La leader et ses complices ont ouvert la soirée de manière quasi incantatoire, avec une version éthérée de Breath of Heaven, d'Amy Grant. Déjà, on pouvait constater que Fischer chante comme elle respire : avec un formidable naturel. Elle peut se faire puissante, mais aussi immensément délicate; elle navigue avec le même bonheur dans les graves comme dans les aigus. Et comme sa voix est un véritable instrument, elle utilise deux micros, l'un à la réverbération traditionnelle, l'autre avec un écho accentué, pour créer de pertinents effets et bien occuper l'espace.

Une fois la glace brisée, la chanteuse de 57 ans s'est amusée à reprendre différents classiques de la pop et du rock. «S'amuser» est le terme, car il n'est pas une pièce où on ne voyait pas l'Américaine sourire. Les chansons étaient un terrain de jeu pour elle et ses complices Jean--Christophe Maillard (guitares, piano électrique, voix), Thierry Arpino (batterie) et Aidan Carroll (basse, contrebasse). La troupe a en effet proposé des versions hautement remaniées de titres bien connus. Jumping Jack Flash des Rolling Stones s'est retrouvé en territoire moyen-oriental, Bird in a House, de Railroad Earth, avait des accents reggae, tandis que Rock'n'roll, de Led Zeppelin, qui lui a valu une ovation, rockait, mais à un tout autre tempo que celui qui nous est familier.

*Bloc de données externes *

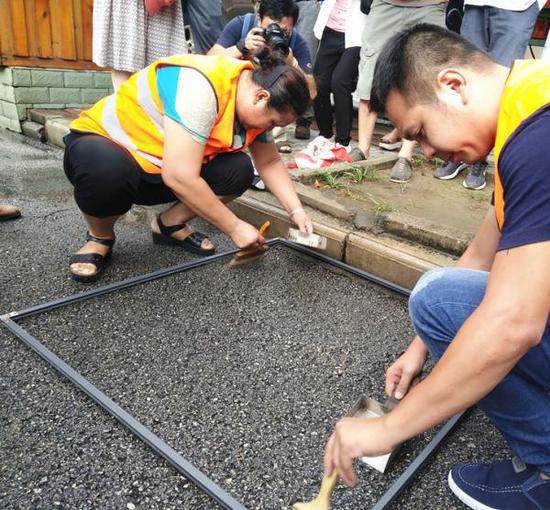 检查职员在检查清扫过的门路，以克论净。生涯报 图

On s'est donc aventuré dans beaucoup de genres, y compris en territoire latins ou jazz, au risque que les musiciens atteignent leurs limites. Par ailleurs, la bande s'est donnée énormément de latitude, en termes de temps, pour laisser les chansons s'envoler ou se développer, non sans éviter les longueurs.

Lumineuse

Malgré ces quelques bémols, Fischer, au coeur de tout ça, était lumineuse et chantait avec sensibilité et abandon. Elle a fermé les livres avec l'incontournable Gimme Shelter des Rolling Stones, qui, un peu à la manière du début de la soirée, était servi de manière éthérée et même, par moments, feutrée, augmentée d'un intéressant solo de contrebasse.

On ne se le cachera pas : c'était un pari risqué que de programmer la chanteuse, peu connue malgré son impressionnante trajectoire. Il n'y avait pas un public aussi dense qu'on aurait pu le souhaiter, celui-ci se limitant aux trois quarts du parterre. Néanmoins, il était enthousiaste et gagné par la charismatique et talentueuse artiste.